The film version of my favorite book is going to start filming this month!
The book is fun, but to make a film out of it you'd have to drastically reduce the references, and Spielberg's doing his part by cutting out all references to his movies.
>Steve trying to out-Reddit Based Ridley
A page from Ready Player One. The 80's references, if you didn't realize, are almost half the book, this just happened to be one of the worst examples of that.
Parz1val (or whatever the fuck his name was) going into Chicago was actually pretty cool because it gave some insight into how badly the world had gotten fucked up since the vague apocalypse.
>one stupid reference after another and not an interesting character in sight.
This. This so fucking much. What a terrible book. It's the literary equivalent of Big Bang Theory, just mentioning names and doing jackshit without them. I'll never understand how this dreck passes as good.
TFW if Galaxy Quest came out today idiots claiming TBBT and RPO are good would lose their minds.
Yeah, I mentioned that earlier.
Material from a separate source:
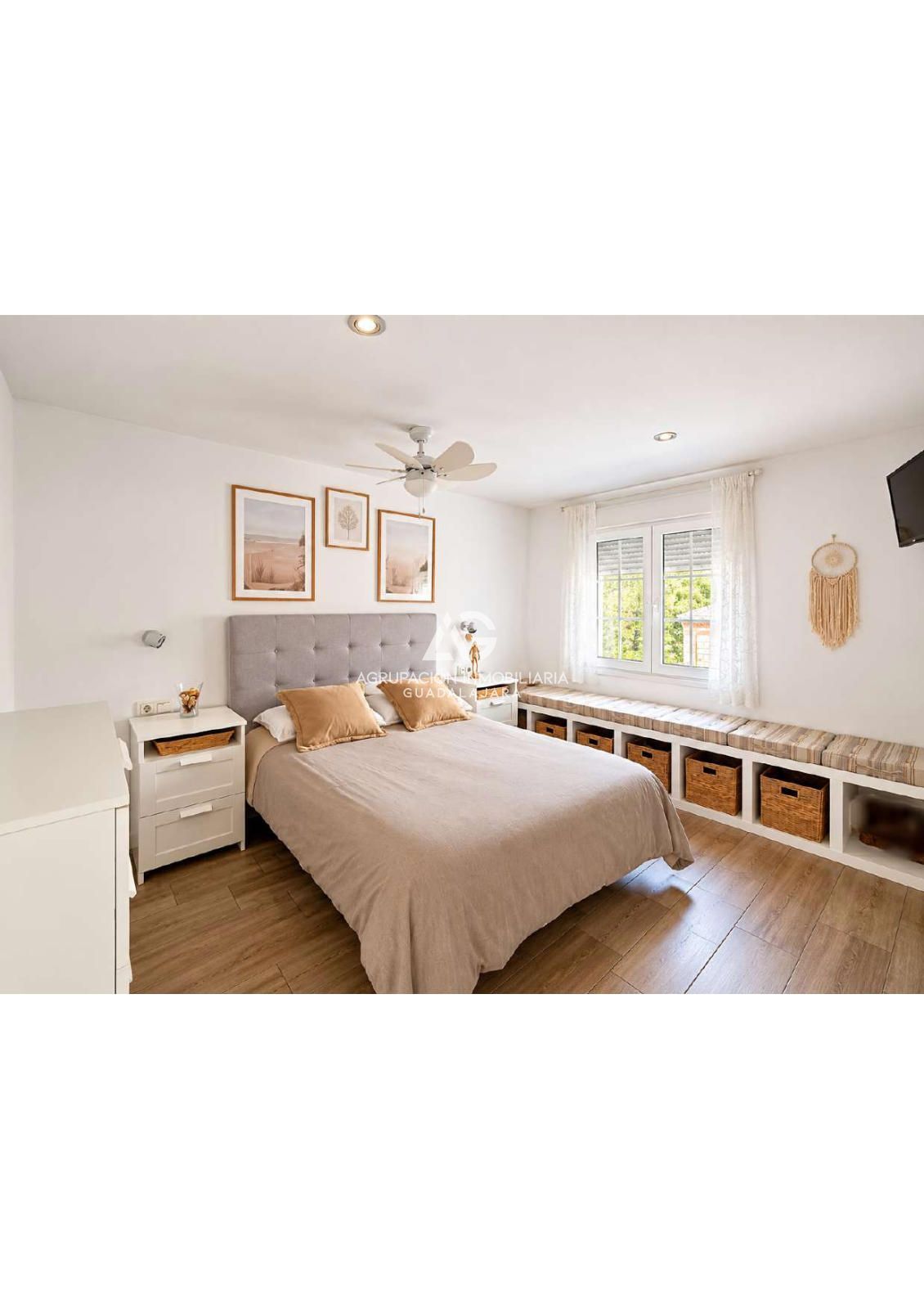 Dormitorio - Adosado en venta en Guadalajara (Adoratrices)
Honestly, all the shit about him moving to Chicago could be cut down to him coming into the coty, getting the apartment, then a time card followed by the future repo men coming in and fucking his shit up.
>implying I like this shitpile and I didn't rage-read it
> i hate things because they are popular
Then you missed the most in-depth characterization in the whole book!
Not him, but time is valuable and you don't have to be a genius to realize from the first pages that it's just bad literature.
>Constant references to pop culture just for fuck's sake
He dodged a bullet.
>To my surprise
>To my eyes
>Pretty love interest who's nerdy and shy and has low confidence because she has one minor physical flaw.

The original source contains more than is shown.